The sturddlefish is a hybrid of the American paddlefish (Polyodon spathula) and the Russian sturgeon (Acipenser gueldenstaedtii), accidentally created by researchers in 2019 and announced in 2020. Obtaining living hybrids through breeding individuals from different families is unusual, especially given that the two species' last common ancestor lived 184 million years ago. The hybrids were created accidentally during attempts to induce gynogenesis, a type of parthenogenic reproduction where a sperm cell must be present to trigger embryogenesis but does not genetically contribute to the offspring. Hundreds of hybrid fish were created, of which about two-thirds survived over one month, and about 100 survived for one year. As of July 2020, all living hybrid fish are living in captivity at the research lab in Hungary. There are no further plans to create new sturddlefish.

Background
Both the American paddlefish and the Russian sturgeon are endangered species. Researchers in Hungary conducted experiments designed to test if either species could be bred in captivity. As part of these experiments, an attempt was made to induce gynogenesis with each species. During the course of the experiments, the researchers used sperm from paddlefish fathers instead of sperm from sturgeons to act as a control in the fertilizing of female sturgeons. The researchers were surprised when viable offspring resulted.

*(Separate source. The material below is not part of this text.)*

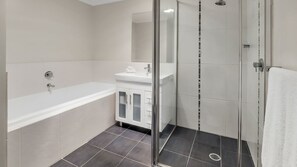 Dusche, Haartrockner, Handtücher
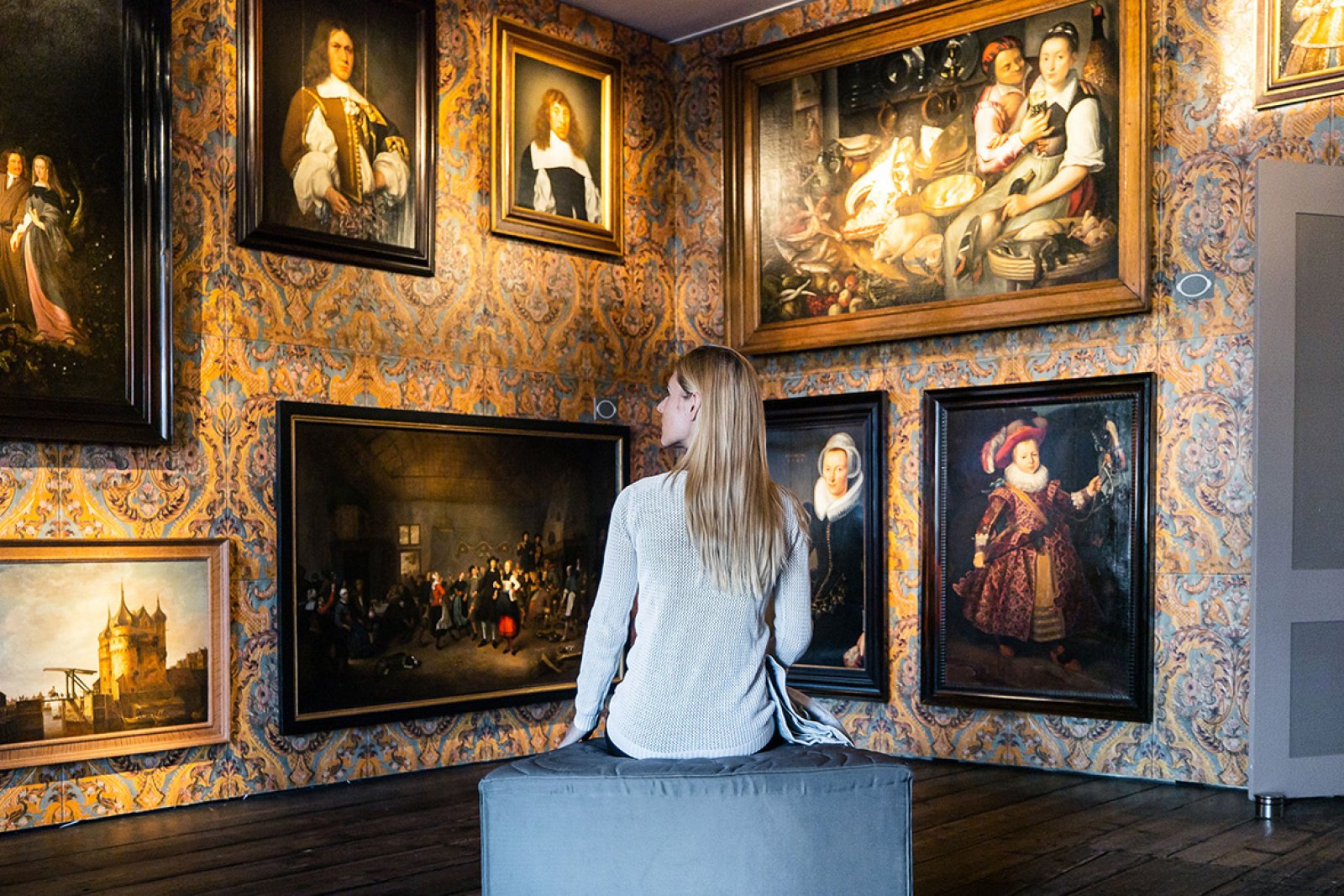 Lady on bench in Westfries museum in Hoorn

The two species share a most recent common ancestor which lived in the Early Jurassic, approximately 184 mya. For this reason, the potential for a hybrid between these two species was not initially considered by the researchers, who later speculated that in spite of the long time span that there were relatively few genetic changes between the species. Both fish have been called "living fossils" due to their slow evolution over time. The American paddlefish is the only species of paddlefish living after the likely extinction of the Chinese paddlefish in 2019. Sturgeons are considered by IUCN to be the most critically endangered group of species in the world based on over 85% of sturgeon species being at risk of extinction.

Description
Two distinct groups of hybrids were formed. Individuals in the first group have approximately equal amounts of DNA from each species, and display approximately equal amounts of physical characteristics from each parent. Members of the other group contained approximately twice as much sturgeon DNA due to chromosome doubling, and for this reason have physical appearances more similar to sturgeons. It is expected that the sturddlefish hybrids will be sterile, as is the most frequent outcome for hybrids with distantly related parents.

Potential
The hybrid fish may have potential uses to reduce the carbon footprint and cost of feeding farm fish cultivated for caviar production among other things. However, due to likely being sterile as hybrids, this is most likely not an option. As a result of this, along with the unknown effects that the sturddlefish could have on ecosystems, the researchers who created the sturddlefish have decided not to create more.